═══ Data for this task ═══

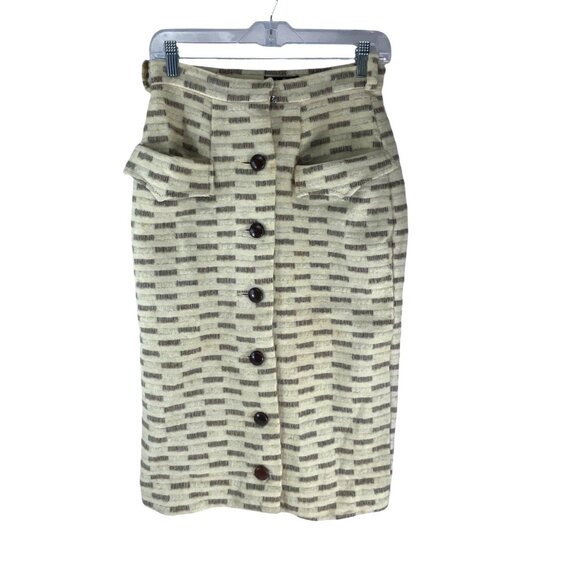Earle Picard  1970s Wool Beige Brown High-Waisted Midi Skirt Button Front Office - Picture 1 of 10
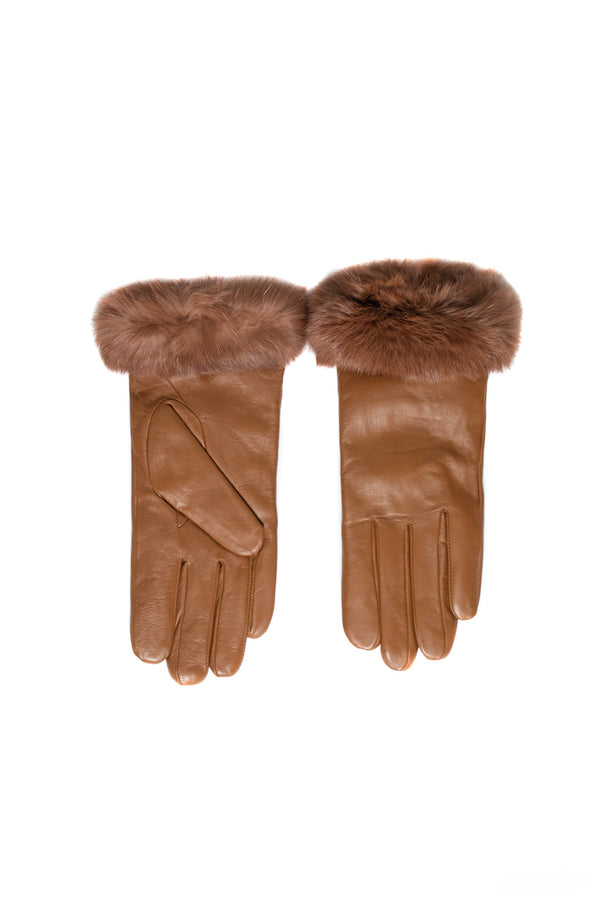Women Rabbit Fur Gloves | Tan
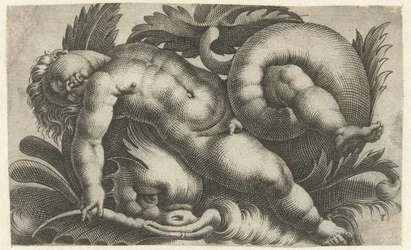 Putto endormi sur un dauphin (Putti sur créatures marines)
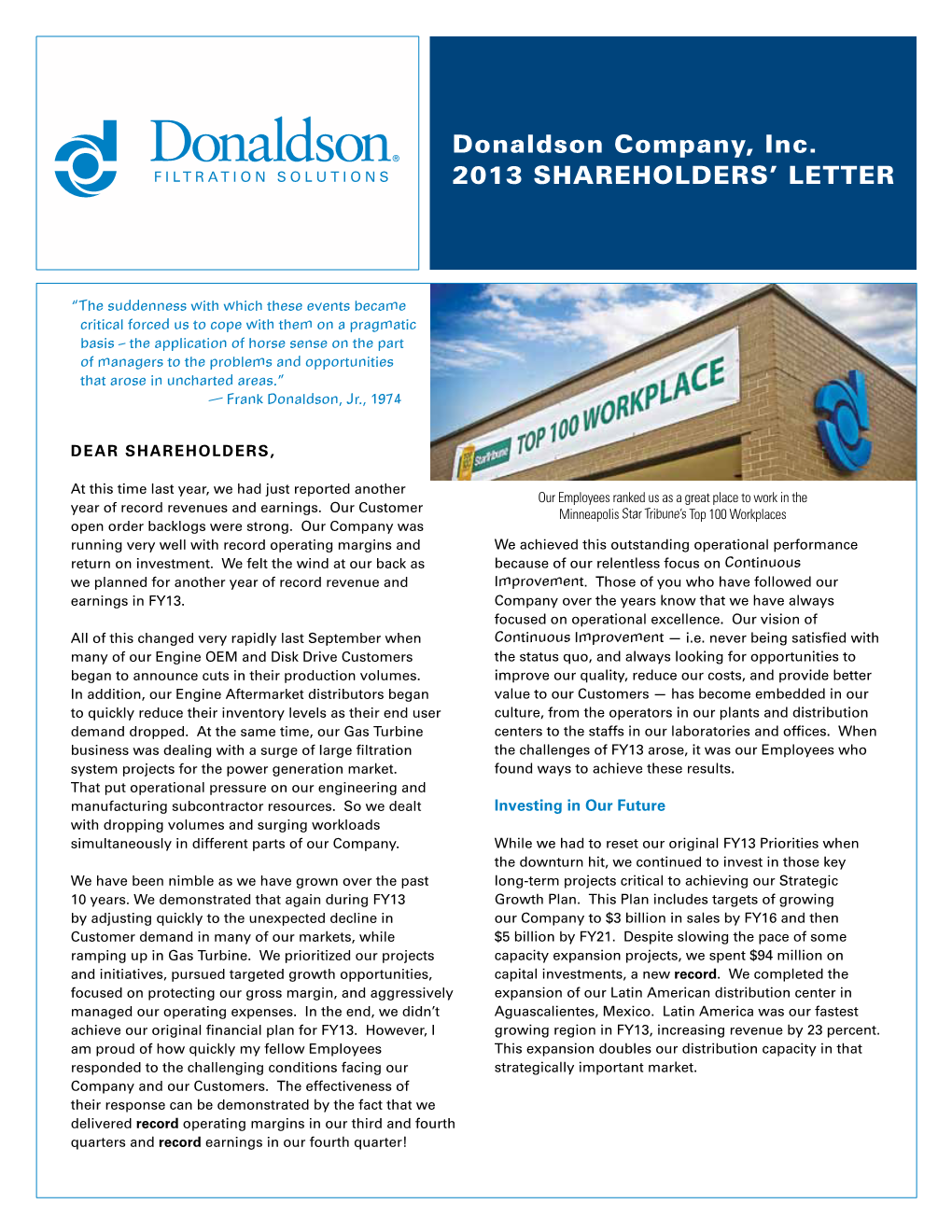 Donaldson Company, Inc. 2013 SHAREHOLDERS’ LETTER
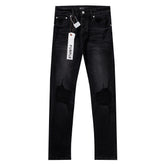 Purple‑Brand Black Washed Knee Ripped Straight Leg Jeans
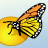 Pixelated butterfly with orange, yellow, and black wings perched on a large yellow circular shape against light blue background.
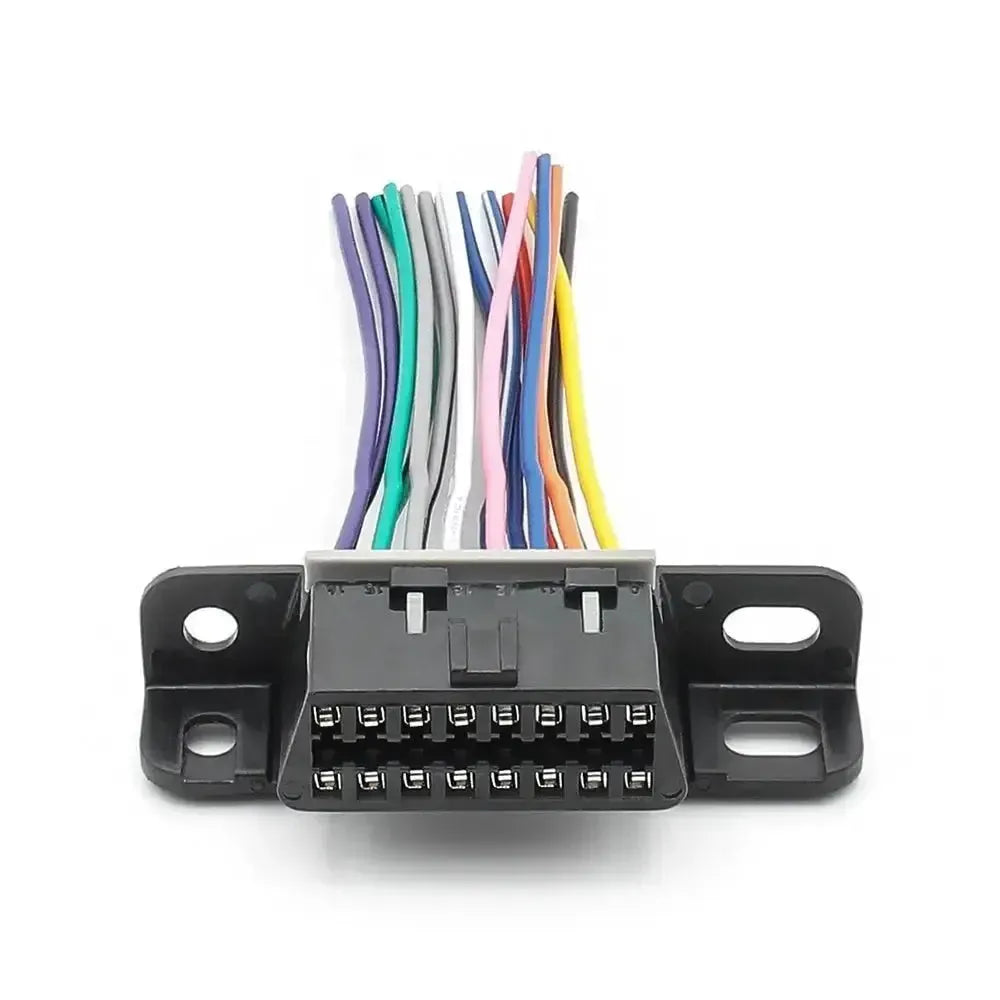 Universal 16-pin OBD2 Port (Female) with 16 Open End Cables - 10 cm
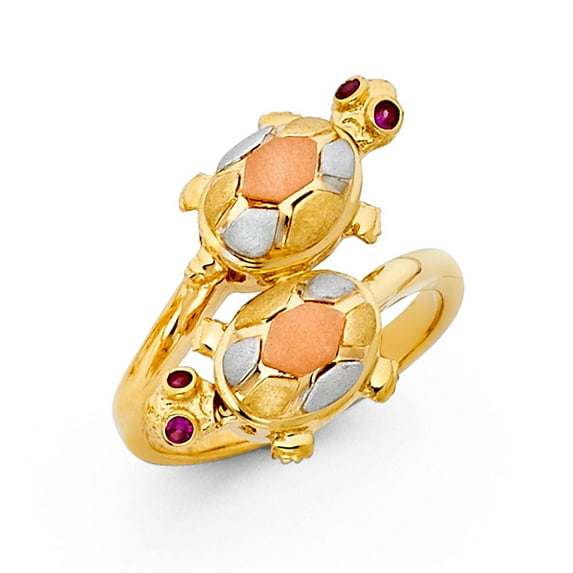 Solid 14k Yellow White and Rose Three Color Gold Fashion Anniversary Turtle Ring Size 9
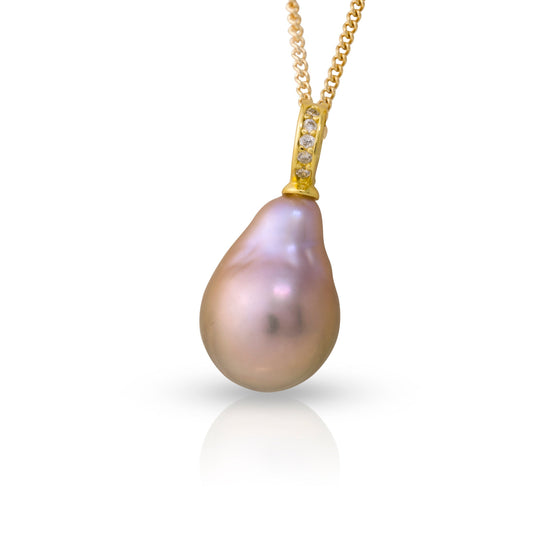 Baroque Pearl Pendant South China Genuine Pearl Swarovski Crystal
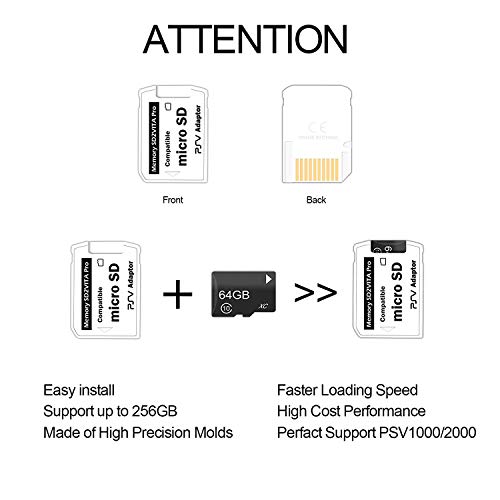 LEAGY Adaptador De Tarjeta De Memoria SD2Vita 5.0 De última Versión, Adaptador PS Vita PSVSD Micro SD Para PSV 1000/2000 PSTV FW 3.60 Sistema HENkaku Enso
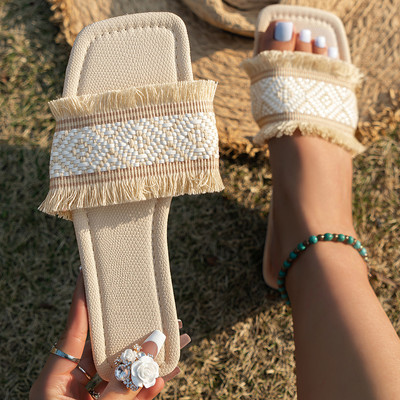 Καλοκαιρινές παντόφλες Γυναικείες Flat Fringe Luxury Outdoor Beach Flip Flops Γυναικεία σανδάλια Weave Design Slides Παπούτσια Γυναικεία 2024 Μέγεθος 43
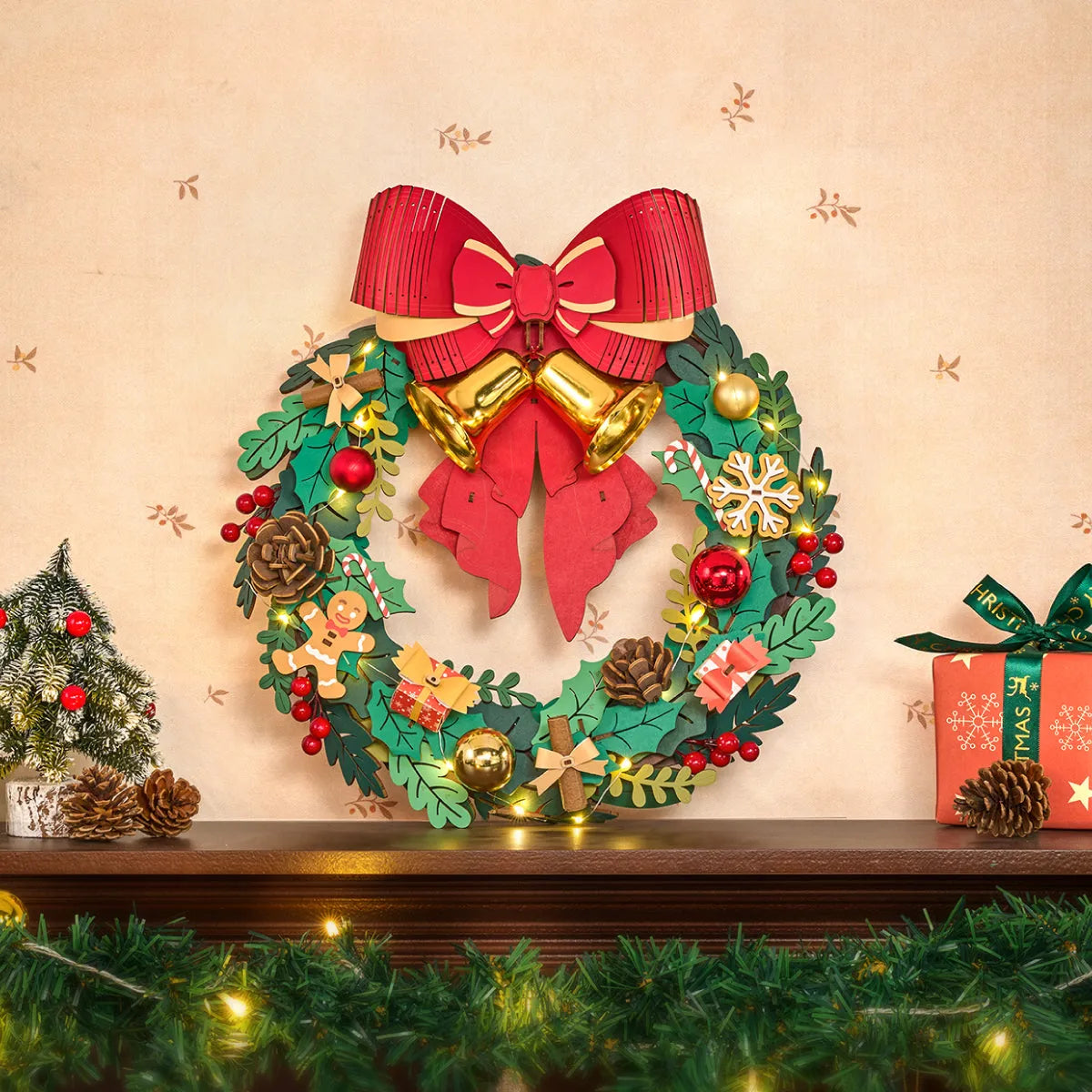 3D Wooden Puzzle - Christmas Wreath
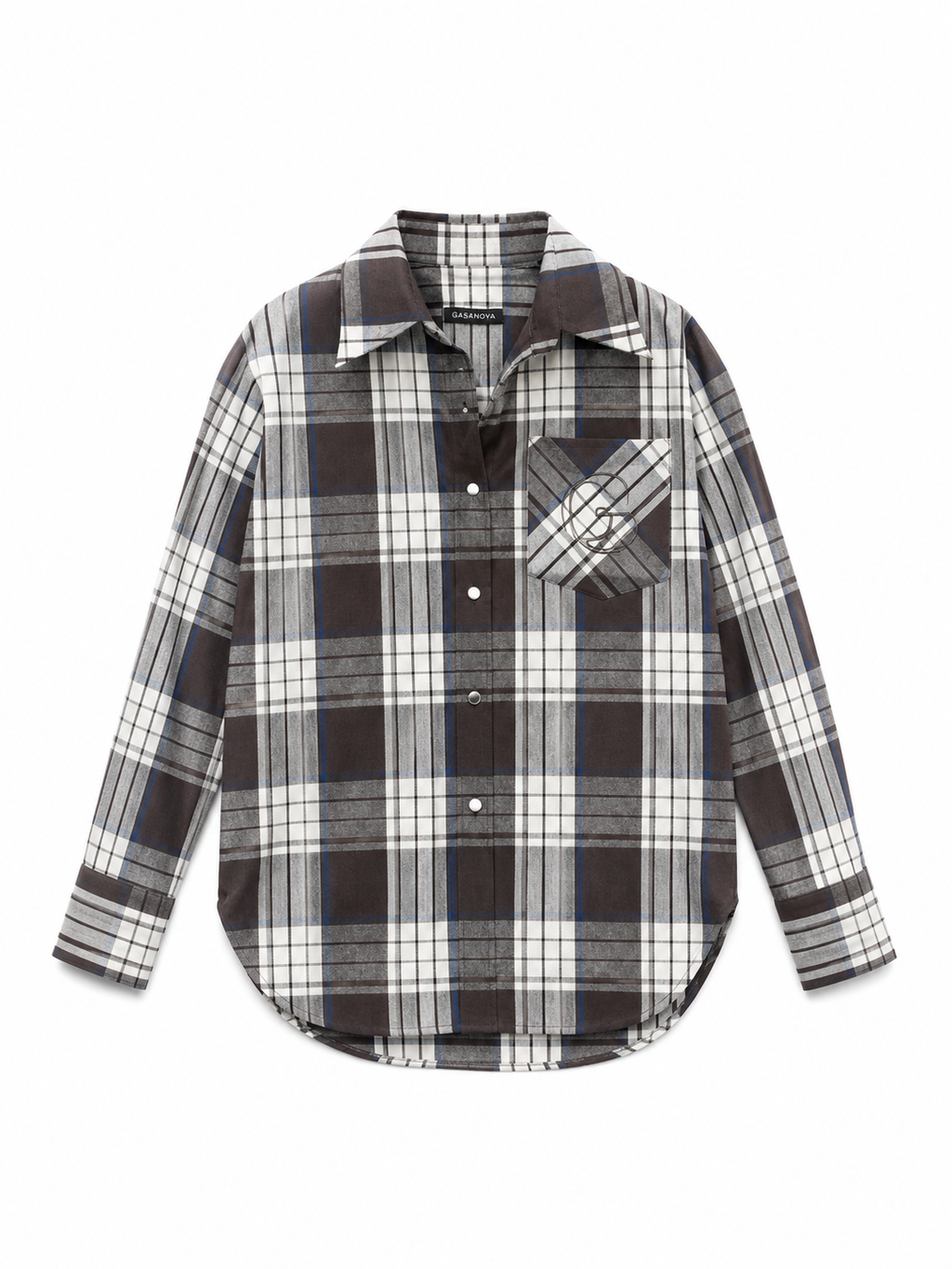 Brown plaid GASANOVA shirt with cut lines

═══

Goal of the exercise → Copy the lines exactly. Start at the line with "LEAGY Adaptador De", end at the last line above, include both, and omit all pictures.

Answer to the exercise →
 LEAGY Adaptador De Tarjeta De Memoria SD2Vita 5.0 De última Versión, Adaptador PS Vita PSVSD Micro SD Para PSV 1000/2000 PSTV FW 3.60 Sistema HENkaku Enso
 Καλοκαιρινές παντόφλες Γυναικείες Flat Fringe Luxury Outdoor Beach Flip Flops Γυναικεία σανδάλια Weave Design Slides Παπούτσια Γυναικεία 2024 Μέγεθος 43
 3D Wooden Puzzle - Christmas Wreath
 Brown plaid GASANOVA shirt with cut lines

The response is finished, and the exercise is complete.